- Opening Delimiter -

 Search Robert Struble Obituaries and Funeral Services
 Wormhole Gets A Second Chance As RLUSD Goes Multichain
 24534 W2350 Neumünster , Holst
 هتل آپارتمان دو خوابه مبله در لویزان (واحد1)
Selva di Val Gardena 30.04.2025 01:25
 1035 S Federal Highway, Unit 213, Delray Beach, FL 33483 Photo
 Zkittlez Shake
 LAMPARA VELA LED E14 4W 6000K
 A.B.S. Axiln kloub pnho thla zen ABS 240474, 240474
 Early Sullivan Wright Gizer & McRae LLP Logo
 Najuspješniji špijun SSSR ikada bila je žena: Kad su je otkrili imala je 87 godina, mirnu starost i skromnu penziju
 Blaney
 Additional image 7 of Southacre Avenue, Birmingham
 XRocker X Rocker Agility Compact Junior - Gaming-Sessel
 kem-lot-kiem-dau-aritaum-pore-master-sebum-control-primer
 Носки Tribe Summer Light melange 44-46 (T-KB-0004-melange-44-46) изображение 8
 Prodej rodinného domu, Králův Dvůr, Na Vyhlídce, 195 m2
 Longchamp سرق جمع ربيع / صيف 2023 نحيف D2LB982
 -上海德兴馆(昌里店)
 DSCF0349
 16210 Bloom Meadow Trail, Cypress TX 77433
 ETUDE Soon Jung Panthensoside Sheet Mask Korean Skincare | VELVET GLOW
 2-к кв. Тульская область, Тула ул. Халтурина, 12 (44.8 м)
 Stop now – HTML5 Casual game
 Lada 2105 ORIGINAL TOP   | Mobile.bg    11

- Closing Delimiter -

### YOUR ASSIGNMENT:
Print the records above again, every one, exactly as written.

### EXPECTED ANSWER:
 Search Robert Struble Obituaries and Funeral Services
 Wormhole Gets A Second Chance As RLUSD Goes Multichain
 24534 W2350 Neumünster , Holst
 هتل آپارتمان دو خوابه مبله در لویزان (واحد1)
Selva di Val Gardena 30.04.2025 01:25
 1035 S Federal Highway, Unit 213, Delray Beach, FL 33483 Photo
 Zkittlez Shake
 LAMPARA VELA LED E14 4W 6000K
 A.B.S. Axiln kloub pnho thla zen ABS 240474, 240474
 Early Sullivan Wright Gizer & McRae LLP Logo
 Najuspješniji špijun SSSR ikada bila je žena: Kad su je otkrili imala je 87 godina, mirnu starost i skromnu penziju
 Blaney
 Additional image 7 of Southacre Avenue, Birmingham
 XRocker X Rocker Agility Compact Junior - Gaming-Sessel
 kem-lot-kiem-dau-aritaum-pore-master-sebum-control-primer
 Носки Tribe Summer Light melange 44-46 (T-KB-0004-melange-44-46) изображение 8
 Prodej rodinného domu, Králův Dvůr, Na Vyhlídce, 195 m2
 Longchamp سرق جمع ربيع / صيف 2023 نحيف D2LB982
 -上海德兴馆(昌里店)
 DSCF0349
 16210 Bloom Meadow Trail, Cypress TX 77433
 ETUDE Soon Jung Panthensoside Sheet Mask Korean Skincare | VELVET GLOW
 2-к кв. Тульская область, Тула ул. Халтурина, 12 (44.8 м)
 Stop now – HTML5 Casual game
 Lada 2105 ORIGINAL TOP   | Mobile.bg    11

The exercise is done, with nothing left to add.